We can not respond to anger with anger.
When they go low, we go high.
We must love our enemies.
Love them.
We must distinguish between them and their actions because if we do not, we are liable to conflate the two. They are not the problem. Their actions and beliefs are.
Rabbi Bruriah – a brilliant woman sage of the Talmud – taught to pray for the repentance of the wicked, rather than for their destruction. According to the story, she once found Rabbi Meir praying that an annoying neighbor would die. She reproached him explaining that Psalms 104:35 promises earthly redemption when sin, not sinners, are gone.
We must see that our enemies are not fixed – this is what stereotypes are.

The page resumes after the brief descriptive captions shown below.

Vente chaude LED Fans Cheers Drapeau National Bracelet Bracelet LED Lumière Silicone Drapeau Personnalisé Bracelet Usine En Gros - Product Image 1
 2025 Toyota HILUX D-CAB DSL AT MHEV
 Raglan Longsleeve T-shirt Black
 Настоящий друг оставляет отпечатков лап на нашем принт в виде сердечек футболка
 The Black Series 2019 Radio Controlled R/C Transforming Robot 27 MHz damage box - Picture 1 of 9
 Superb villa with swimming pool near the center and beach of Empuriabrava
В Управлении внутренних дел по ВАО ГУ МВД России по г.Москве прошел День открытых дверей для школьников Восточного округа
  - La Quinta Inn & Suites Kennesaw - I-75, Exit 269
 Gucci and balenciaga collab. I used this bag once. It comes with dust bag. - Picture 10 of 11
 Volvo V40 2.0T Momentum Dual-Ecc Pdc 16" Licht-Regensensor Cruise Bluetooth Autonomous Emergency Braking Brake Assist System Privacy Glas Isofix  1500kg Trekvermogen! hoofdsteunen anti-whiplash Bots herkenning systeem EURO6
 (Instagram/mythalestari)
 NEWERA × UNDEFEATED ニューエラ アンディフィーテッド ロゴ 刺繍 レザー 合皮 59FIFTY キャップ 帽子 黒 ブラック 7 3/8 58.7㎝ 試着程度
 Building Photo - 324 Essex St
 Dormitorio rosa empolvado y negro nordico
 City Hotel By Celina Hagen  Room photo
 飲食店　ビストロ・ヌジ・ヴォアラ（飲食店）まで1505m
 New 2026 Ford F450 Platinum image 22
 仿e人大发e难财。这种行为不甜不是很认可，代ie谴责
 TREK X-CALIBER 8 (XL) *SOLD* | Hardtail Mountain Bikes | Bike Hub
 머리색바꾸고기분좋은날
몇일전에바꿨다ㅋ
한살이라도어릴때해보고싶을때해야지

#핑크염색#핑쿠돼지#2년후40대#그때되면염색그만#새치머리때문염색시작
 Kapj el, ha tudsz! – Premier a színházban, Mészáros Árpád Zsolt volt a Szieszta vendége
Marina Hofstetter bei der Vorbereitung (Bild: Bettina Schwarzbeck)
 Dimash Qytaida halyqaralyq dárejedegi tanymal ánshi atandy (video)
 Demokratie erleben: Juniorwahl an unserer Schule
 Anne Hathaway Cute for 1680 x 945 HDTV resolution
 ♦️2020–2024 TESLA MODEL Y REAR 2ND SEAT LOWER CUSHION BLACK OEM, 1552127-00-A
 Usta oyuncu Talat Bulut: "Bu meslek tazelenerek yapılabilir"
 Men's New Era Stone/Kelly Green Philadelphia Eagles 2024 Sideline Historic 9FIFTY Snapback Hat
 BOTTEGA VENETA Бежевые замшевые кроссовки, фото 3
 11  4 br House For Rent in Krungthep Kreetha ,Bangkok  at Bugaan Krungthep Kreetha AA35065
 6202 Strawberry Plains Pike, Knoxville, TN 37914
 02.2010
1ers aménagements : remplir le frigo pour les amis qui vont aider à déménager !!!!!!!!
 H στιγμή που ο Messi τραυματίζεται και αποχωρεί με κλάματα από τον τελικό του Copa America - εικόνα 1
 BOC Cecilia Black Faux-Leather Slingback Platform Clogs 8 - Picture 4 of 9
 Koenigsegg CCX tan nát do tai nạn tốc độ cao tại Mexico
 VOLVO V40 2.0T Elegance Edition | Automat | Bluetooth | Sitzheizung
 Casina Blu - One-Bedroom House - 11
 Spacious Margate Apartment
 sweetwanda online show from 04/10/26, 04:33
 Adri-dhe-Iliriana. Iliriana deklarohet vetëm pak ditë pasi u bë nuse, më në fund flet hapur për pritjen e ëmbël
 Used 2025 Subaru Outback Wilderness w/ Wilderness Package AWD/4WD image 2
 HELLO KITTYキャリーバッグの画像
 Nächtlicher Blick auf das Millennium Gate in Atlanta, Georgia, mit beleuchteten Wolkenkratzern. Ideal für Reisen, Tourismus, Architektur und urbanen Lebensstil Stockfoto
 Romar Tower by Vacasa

We must see that our enemies are human beings – human beings who are capable of change.
Jesus is quoted in the Gospel of Matthew as teaching that to be aligned with God you must “love your enemies and pray for those who persecute you.”
Parenting as an analogy
I think of my adversaries – the neo-nazis, my president, and others – as though they are petulant children.
My adversaries are wrong.
Unequivocally wrong.
They are storming on.
They are loud.
They aren’t listening.
They are petulant like children.
I want to quash their mini rebellion.
But no one learns in shame.
There is not a parenting book that advocates shame.
There is not a parenting book that advocates ridicule.
There is not a parenting book that advocates shouting louder.
Being certain means only that you are certain, not that you are right.
Being louder means only that you are louder, not that you are right.
Being angrier means only that you are angrier, not that you are right.
If we want petulant children or adults to change, we have do it this way:
With firm conviction. With patience. With love.
We must love them.
Those we hate – those who shout at us how much they hate us – we must love them.
Loving our enemies might might be the opposite of our natural reaction, but it is what we need to do.